Originally published by Space Intel Report on November 21, 2024. Read the original article here.
LA PLATA, Maryland — The trend toward military predominance as a customer for space-based surveillance that is several years old in the United States now appears to be coming to Europe as companies formed for commercial use are now winning defense business.
Radar satellite constellation operator Iceye of Finland and space situational awareness startup Neuraspace of Portugal described how the evolution took place.
Iceye, one of the premier European startup space successes, had hoped to steer clear of the Ukraine war but was swept into it to a point at which Iceye imagery “is used by Ukrainians and become completely integrated into their operational structure,” said Kacper Grzesiak, Iceye sales director.
“Our images are being sent to solders on the front lines” using less than best-practice security procedures but making it easy to communicate, Grzesiak said Nov. 20 during the EU Space Days conference in Budapest, organized by the European Commission and the Hungarian EU presidency.
Iceye’s value to Ukraine was publicly demonstrated in mid-2022 when a crowdsourced funding effort to purchase a Turkish Bayraktar drone ended with Turkey donating one. The money that was raised was repurposed to purchase an Iceye satellite, whose success on the battlefield is now regularly recounted on social media.

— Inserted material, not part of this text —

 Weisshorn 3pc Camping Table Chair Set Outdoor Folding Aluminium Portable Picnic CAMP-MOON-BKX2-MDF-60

Iceye considers itself a Finnish-Polish company insofar as one-quarter of its 500-person staff are in Warsaw, with the rest in Finland. Poland recently joined the NATO Allied Persistent Surveillance from Space (APSS) program in which satellite data is shared among program participants.

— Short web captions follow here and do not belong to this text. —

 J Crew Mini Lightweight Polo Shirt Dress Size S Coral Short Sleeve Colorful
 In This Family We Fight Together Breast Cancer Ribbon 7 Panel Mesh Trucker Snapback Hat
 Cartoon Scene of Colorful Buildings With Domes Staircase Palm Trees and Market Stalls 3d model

Iceye is also participating in the planning of the NATO Coalition Warrior Interoperability Exercise, CWIX, whose goal is to standardize interfaces among NATO members.
Icye recently joined a Finnish Ministry of Defense program to use AI to deliver geospatial analytics as part of Finland’s F-35 program that will include the development of mobile intelligence, surveillance reconnaissance cells in collaboration with F-35 prime contractor Lockheed Martin.
In addition to operating its own fleet of 38 synthetic-aperture radar satellites, Iceye has sold a spacecraft to MDA Space of Canada and sold seven to Space 42 of the United Arab Emirates.
Iceye could be an example of why the European Commission does not need to purchase its own geospatial assets for a proposed Earth Observation Governmental program, to include high-resolution imaging satellites dedicated to government uses, military and civil. Instead, the Commission could rely on commercially available data for much of its needs, purchasing its own satellites only to assure imagery availability over hotspots.
Neuraspace, a startup which uses AI/ML to classify how objects behave in space, in September won a breakthrough contract with the European Defense Fund (EDF) as part of a 47-consortium called EMISSARY, or European Military Integrated Space Situational Awareness and Recognition capabilitY.
The program, co-funded by the Leonardo-led consortium and the Commission, is budget at 158 million euros ($167 million) over four years.
Neuraspace Chief Executive Chiara Manfletti said the EMISSARY contract is likely to open doors for Neuraspace with other governments and with commercial customers.
“Government and institutional funding provides stability. Investors like that,” Manfletti said. “Public investment is a multiplier by making sure [startups] can actually sell services.”
The EDF funding contrasts with what is often a slow-moving defense procurement sector in Europe.
“Governments often don’t by as fast as they could,” Manfletti said. “I was told by one defense customer that five years go buy between the time they set requirements and when the are ready for procurement. These cycles are too long.”
Neuraspace is one of several SSA startups in Europe looking to take part in the EU Space Surveillance and Tracking (EU SST) program, which pools national SSA capabilities and demand. But cracking the code to enter the EU SST ecosystem is not easy.
“You have to apply to five portals in five languages with five different rules,” Manfletti said. “This is mission impossible for a startup.”